Task brief
From the listing below, output the lines between the one with "Double River Epoxy" and the one with "Cozy home office", including those two, and nothing else. Pictures are not copied.

___ Material supplied ___

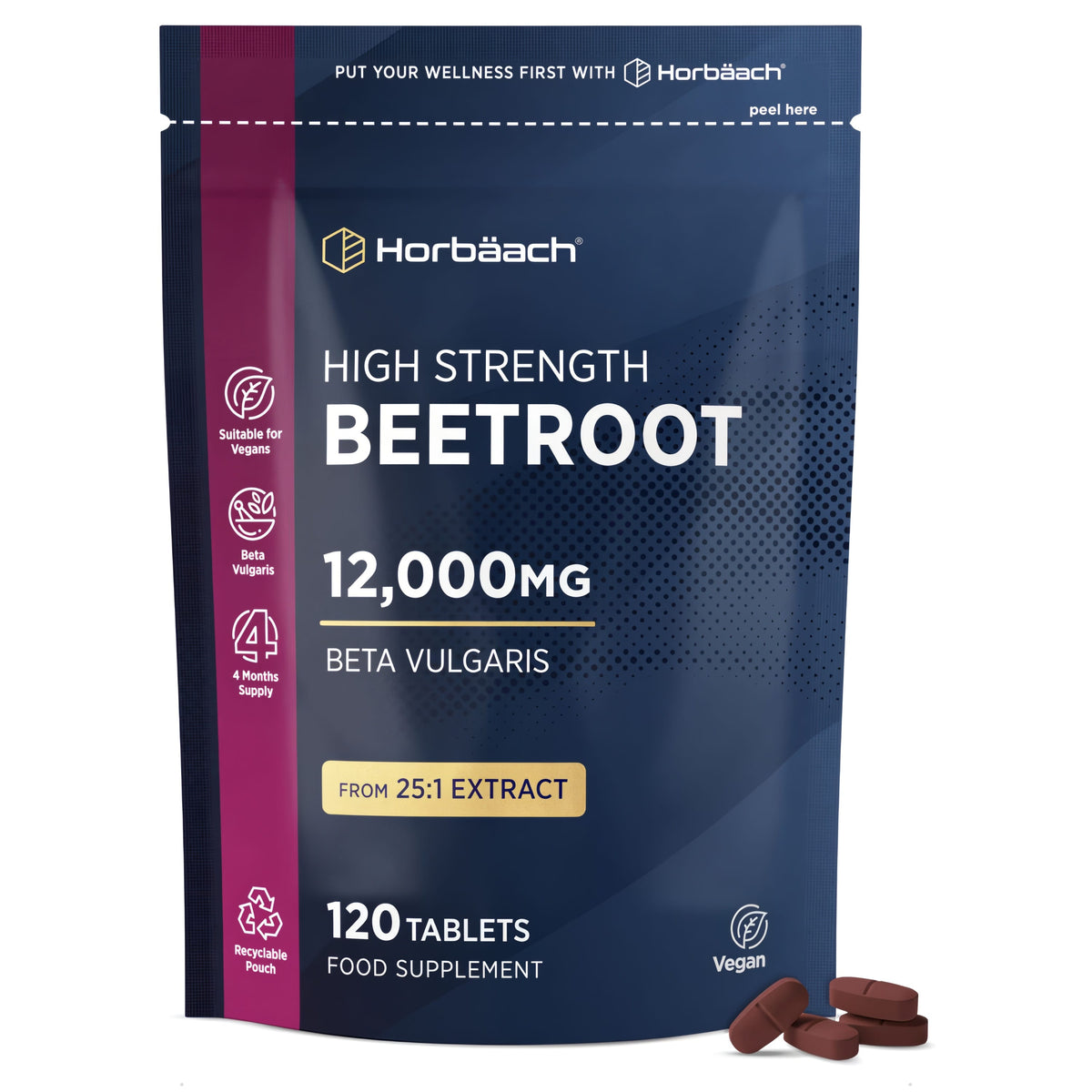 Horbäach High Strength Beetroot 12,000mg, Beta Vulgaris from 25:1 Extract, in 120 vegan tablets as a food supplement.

___
___ Material supplied ___

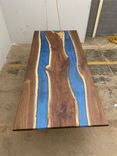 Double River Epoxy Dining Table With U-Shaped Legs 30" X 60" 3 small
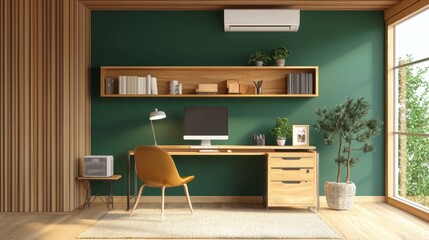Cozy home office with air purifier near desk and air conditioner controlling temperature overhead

___

The answer
 Double River Epoxy Dining Table With U-Shaped Legs 30" X 60" 3 small
Cozy home office with air purifier near desk and air conditioner controlling temperature overhead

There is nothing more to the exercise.